Kandydatom z pierwszych miejsc list wyborczych największych partii zadaliśmy dwa krótkie pytania dotyczące ich światopoglądu.
W niedzielę 25 maja Polacy zadecydują, kto będzie ich reprezentował na salonach politycznych Europy. Na Polskę przypada 51 z 766 wszystkich mandatów, rozdzielanych pomiędzy przedstawicieli 28 państw członkowskich Unii Europejskiej. Głosujemy na terenie województwa śląskiego, które obejmuje okręg nr 11. Mandaty poselskie zostaną rozdzielone między komitety, które osiągną 5-procentowy próg wyborczy. Ile mandatów przypadnie kandydatom ze Śląska, zależy od wyników wyborów w poszczególnych partiach w całym kraju, a także od frekwencji w naszym okręgu.
Dla kandydatów z pierwszych miejsc list wyborczych największych partii ułożyliśmy krótką sondę opisującą ich światopogląd. Forma pytań była zamknięta, co zakładało, że indagowani mają odpowiedzieć krótko: TAK lub NIE. Okazuje się, że nie dla wszystkich sprawa była oczywista. Niektórzy próbowali manewrować odpowiedziami na wzór porzekadła: Panu Bogu świeczka, a diabłu ogarek. Na pytanie „Czy jest Pan za całkowitą ochroną życia od poczęcia do naturalnej śmierci”, kandydat występujący z listy PO Jerzy Buzek odpowiedział: „Tak – uważam tak jako człowiek wierzący, ale jako osoba publiczna przychylam się do kompromisu, jaki wypracowano w ramach konstytucji”. Taki komunikat daje podstawę do podejrzenia, że w sytuacji głosowania były premier mógłby opowiedzieć się przeciwko życiu. Obok prezentujemy dłuższe biogramy kandydatów startujących z trzeciego miejsca na listach PiS i PO. Całkowicie subiektywnie uznaliśmy, że warto przyjrzeć się także tym dwóm sylwetkom.

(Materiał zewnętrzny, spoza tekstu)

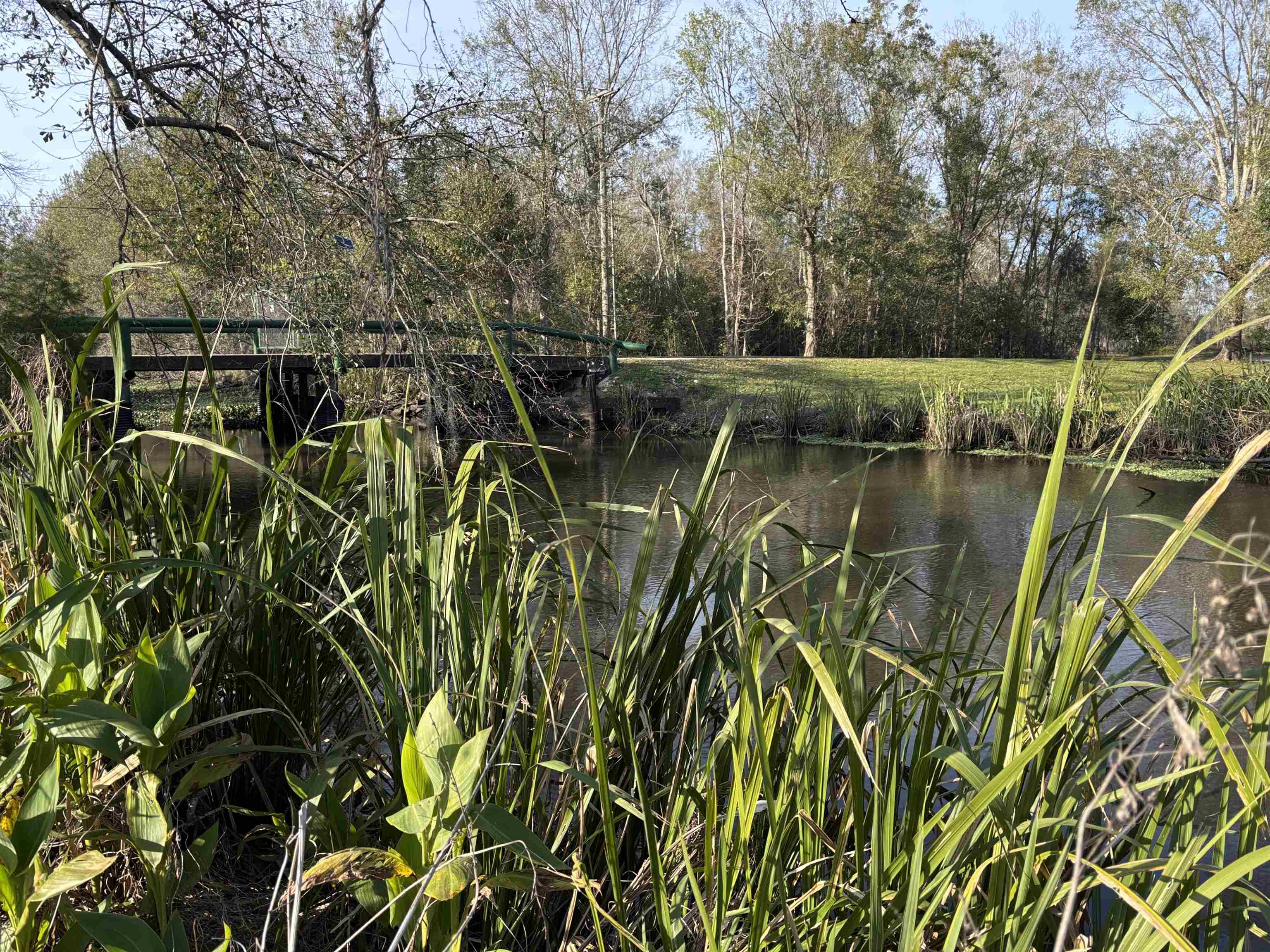314 Hidden Acres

Pakiet klimatyczny rujnuje Śląsk
Izabela Kloc, ekspert ds. funduszy europejskich z Mikołowa Posłanka na Sejm V, VI i VII kadencji. – Do europarlamentu startuje z 3. miejsca na liście Prawa i Sprawiedliwości. W polskim parlamencie zajmuje się kwestiami dotyczącymi funduszy europejskich i polityki regionalnej, samorządności oraz górnictwa i rodziny. Podkreśla swoje korzenie katolickie oraz patriotyczne, a także przywiązanie do tradycji rodzinnych i troskę o Górny Śląsk. – W Parlamencie Europejskim będę walczyć o zmianę pakietu klimatyczno-energetycznego, który w obecnej chwili rujnuje nasz region, prowadzi do upadku naszego przemysłu – mówi I. Kloc. Jej program wyborczy zawiera się w 5 punktach: wiara, rodzina, zdrowie, Śląsk, rozwój. – My, jako Polacy, mamy obowiązek stanąć w Europie na straży tych wartości, o których mówił św. Jan Paweł II – apeluje. I. Kloc uważa, że fundusze europejskie należy w znaczniejszym stopniu przeznaczać na politykę prorodzinną. – Marzę wręcz, żeby w UE powstał nowy filar polityki europejskiej, po polityce rolnej czy polityce spójności – wyznaje posłanka. Jej zdaniem, pieniądze unijne powinny służyć i wspierać rodziny w państwach członkowskich. – Mój program działania, nie tylko na czas kadencji w Parlamencie Europejskim, opieram na słowach Jana Pawła II, który – będąc w 1999 roku w Gliwicach – powiedział: „Miłość do człowieka to pragnienie dobra dla każdego. Trzeba ciągle i wytrwale szukać dróg sprawiedliwego rozwoju dla wszystkich, aby życie ludzkie uczynić bardziej ludzkim”.
Ważne są wartości
Dr Jan Olbrycht, socjolog z Cieszyna – W PE reprezentuje Polskę od 2004 r. Jest deputowanym z ramienia Platformy Obywatelskiej i należy do frakcji Europejskiej Partii Ludowej. Pracuje głównie nad kwestiami budżetowymi i finansami, ale z drugiej strony bardzo aktywnie zajmuje się sprawą realizacji wartości w polityce. W tej kadencji, jako wiceprzewodniczący frakcji EPL, zajmował się relacjami z Kościołami i wspólnotami wyznaniowymi. – Dyskutowaliśmy na temat istotnych problemów społecznych, migracji, kryzysu. Przygotowałem szereg konferencji i seminariów informujących o prześladowaniach chrześcijan na świecie. Byłem też współorganizatorem konferencji o dyskryminacji chrześcijan w Unii. Bardzo blisko w ostatnich latach współpracowałem z międzynarodową organizacją Pomoc Kościołowi w Potrzebie. Wspólnie podejmowaliśmy wiele działań w PE. Należę do grupy aktywnych posłów katolików, którzy nawiązali współpracę PE z Komisją Episkopatów Wspólnoty Europejskiej (COMECE) i innymi strukturami kościelnymi – mówi J. Olbrycht. – Staram się realizować ideę chrześcijańskich demokratów w Europie, zapoczątkowaną m.in. przez Roberta Schumana, którego przykład bardzo mi odpowiada. Rozumiem ją jako typ uprawiania polityki, który polega na tym, że jest ściśle oparty na wartościach, jakie się wyznaje. Dla mnie są to wartości chrześcijańskie. Drugim jej wyznacznikiem jest centrowa, a nie liberalna postawa w kwestii gospodarki, bo celem jest społeczna gospodarka rynkowa. Trzecim elementem jest przekonanie, że wzmocnienie jedności europejskiej jest korzystnym procesem.